Hamilton disliked many aspects of modern life. He was disfigured badly when he was run over by a car in the late 1920s: the end of his novel ''Mr Stimpson and Mr Gorse'' (1953), with its vision of England smothered in metal beetles, reflects his loathing of the motor car. However, despite some distaste for the culture in which he operated, he was a popular contributor to it. His two most successful plays, ''Rope'' and ''Gas Light'' (1938, known as ''Angel Street'' in the USA), made Hamilton wealthy and were also successful as films: the British-made ''Gaslight'' (1940), the 1944 American adaptation of ''Gaslight'', and Alfred Hitchcock's ''Rope'' (1948).

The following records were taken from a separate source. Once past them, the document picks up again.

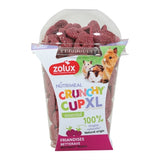 Zolux NMeal Crunchy Cup XL Rote Bete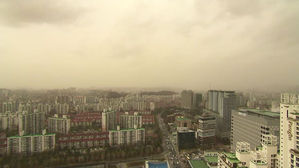 [취재파일] 막바지 황사 내일까지…여름철은 어떨까?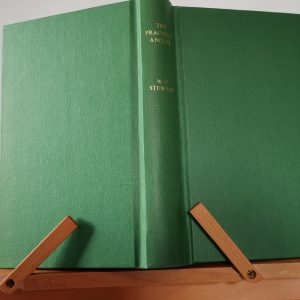 Books - The Practical Angler - by W.C.Stewart - 1857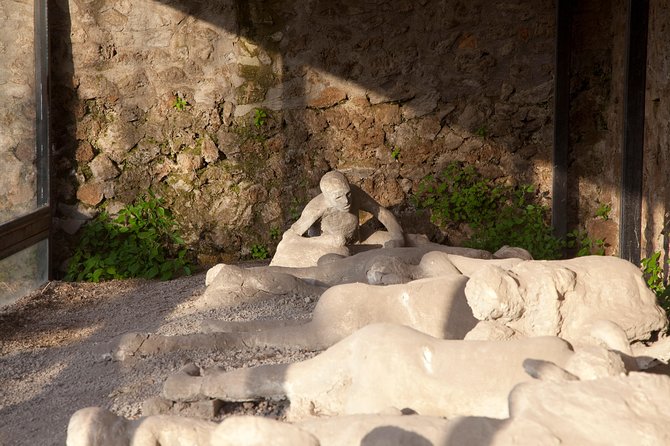 Enjoy Pompeii Ruins From Positano - Immersive Small Group Experience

''Hangover Square'' (1941) is often judged his most accomplished work and still sells well in paperback, and is regarded by contemporary authors such as Iain Sinclair and Peter Ackroyd as an important part of the tradition of London novels. Set in Earls Court where Hamilton himself lived, it deals with both alcohol-drinking practices of the time and the underlying political context, such as the rise of fascism and responses to it. Hamilton became an avowed Marxist, though not a publicly declared member of the Communist Party of Great Britain. During the 1930s, like many other authors, Hamilton grew increasingly angry with capitalism and believed that the violence and fascism of Europe during the period indicated that capitalism was reaching its end. This encouraged his Marxism and his novel ''Impromptu in Moribundia'' (1939) was a satirical attack on capitalist culture.
During his later life, Hamilton developed in his writing a misanthropic authorial voice which became more disillusioned, cynical and bleak as time passed. ''The Slaves of Solitude'' (1947) was his only work to deal directly with the Second World War and he preferred to look back to the pre-war years. His ''Gorse Trilogy'' – three novels about a devious sexual predator and conman – are not generally well thought of critically, although Graham Greene said that the first was 'the best book written about Brighton' and the second (''Mr. Stimpson and Mr. Gorse'') is regarded increasingly as a comic masterpiece. The hostility and negativity of the novels is also attributed to Hamilton's disenchantment with the utopianism of Marxism and depression. The trilogy comprises: ''The West Pier'' (1952); ''Mr. Stimpson and Mr. Gorse'' (1953), dramatized as ''The Charmer'' in 1987; and in 1955 Hamilton's last published work, ''Unknown Assailant'', a short novel much of which was dictated while Hamilton was drunk. ''The Gorse Trilogy'' was first published in a single volume in 1992.
Hamilton had begun to consume alcohol excessively while still a relatively young man. After a declining career and melancholia, he died in 1962 of cirrhosis of the liver and kidney failure, in Sheringham, Norfolk. He was married twice, firstly to Lois Marie Martin in 1930, and a year after divorcing Lois, to Lady Ursula Chetwynd-Talbot in 1954.